Pull out of the data below the stretch of lines bounded by the one containing "I am Tiffany" and the one containing "Conversation begins, one", both bounds included, unchanged.

INPUT DATA:

################

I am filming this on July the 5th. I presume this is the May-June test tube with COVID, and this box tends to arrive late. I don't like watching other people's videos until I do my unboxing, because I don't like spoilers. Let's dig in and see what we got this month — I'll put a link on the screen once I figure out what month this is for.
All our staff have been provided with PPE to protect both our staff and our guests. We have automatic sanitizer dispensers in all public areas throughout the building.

################

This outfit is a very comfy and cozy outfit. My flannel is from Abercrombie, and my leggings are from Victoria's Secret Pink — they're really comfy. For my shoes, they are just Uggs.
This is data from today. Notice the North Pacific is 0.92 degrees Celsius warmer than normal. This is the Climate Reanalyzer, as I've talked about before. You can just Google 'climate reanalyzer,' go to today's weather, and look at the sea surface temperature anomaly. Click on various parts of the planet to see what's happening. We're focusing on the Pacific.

################

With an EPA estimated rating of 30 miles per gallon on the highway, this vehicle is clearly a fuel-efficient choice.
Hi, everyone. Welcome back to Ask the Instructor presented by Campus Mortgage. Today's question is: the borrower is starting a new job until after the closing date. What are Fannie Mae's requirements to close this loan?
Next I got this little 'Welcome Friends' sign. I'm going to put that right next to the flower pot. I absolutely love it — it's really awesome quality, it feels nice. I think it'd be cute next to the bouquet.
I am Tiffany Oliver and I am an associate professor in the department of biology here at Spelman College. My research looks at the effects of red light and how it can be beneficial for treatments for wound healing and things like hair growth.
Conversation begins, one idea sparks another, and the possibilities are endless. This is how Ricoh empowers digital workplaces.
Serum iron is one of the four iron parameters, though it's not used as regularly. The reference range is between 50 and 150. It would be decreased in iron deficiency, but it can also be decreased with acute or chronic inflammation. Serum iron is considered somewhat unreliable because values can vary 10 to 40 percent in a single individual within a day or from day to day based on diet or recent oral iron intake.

################

RESULT OF THIS EXERCISE:
I am Tiffany Oliver and I am an associate professor in the department of biology here at Spelman College. My research looks at the effects of red light and how it can be beneficial for treatments for wound healing and things like hair growth.
Conversation begins, one idea sparks another, and the possibilities are endless. This is how Ricoh empowers digital workplaces.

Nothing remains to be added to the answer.